Instructions to follow: Would you return the listing exactly as written, apart from its pictures?

Information supplied:
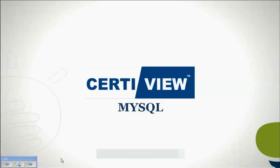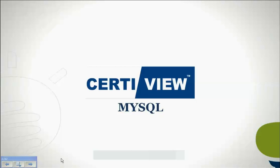Welcome back learners to another e-learning session. Today's topic is MySQL. This is basically one of the modules of the major course we were talking about - the introduction to World Wide Web Technologies.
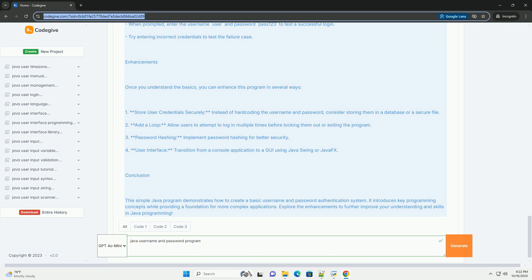Inside the main method, we create a Scanner object to read input from the console. We prompt the user to enter their username and password. We compare the user input with the predefined username and password using the equals method. Conditional statement: An if-else statement checks if the credentials match. If they do, a success message is displayed, otherwise a failure message is shown. Resource management: We close the Scanner object to avoid potential resource leaks.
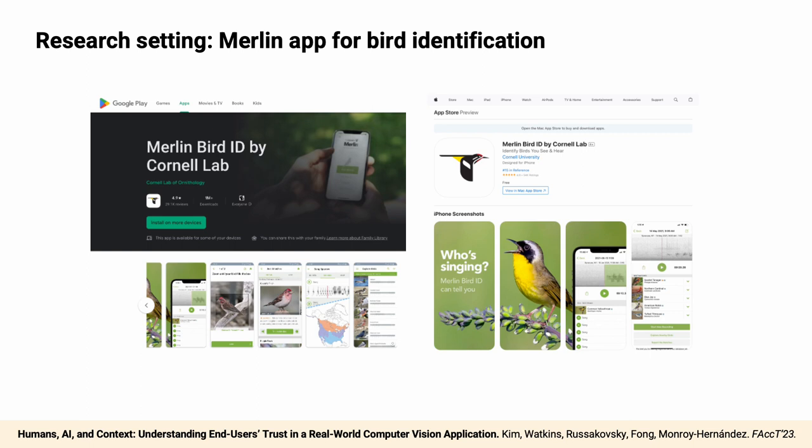Our research setting is the Merlin app for bird identification. It is a free mobile phone app that uses computer vision AI models to identify birds in user-uploaded photos and audio recordings. We chose Merlin because it is a real-world AI application with a wide user base while satisfying the requirements of commonly used trust definitions.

Solved exercise:
Welcome back learners to another e-learning session. Today's topic is MySQL. This is basically one of the modules of the major course we were talking about - the introduction to World Wide Web Technologies.
Inside the main method, we create a Scanner object to read input from the console. We prompt the user to enter their username and password. We compare the user input with the predefined username and password using the equals method. Conditional statement: An if-else statement checks if the credentials match. If they do, a success message is displayed, otherwise a failure message is shown. Resource management: We close the Scanner object to avoid potential resource leaks.
Our research setting is the Merlin app for bird identification. It is a free mobile phone app that uses computer vision AI models to identify birds in user-uploaded photos and audio recordings. We chose Merlin because it is a real-world AI application with a wide user base while satisfying the requirements of commonly used trust definitions.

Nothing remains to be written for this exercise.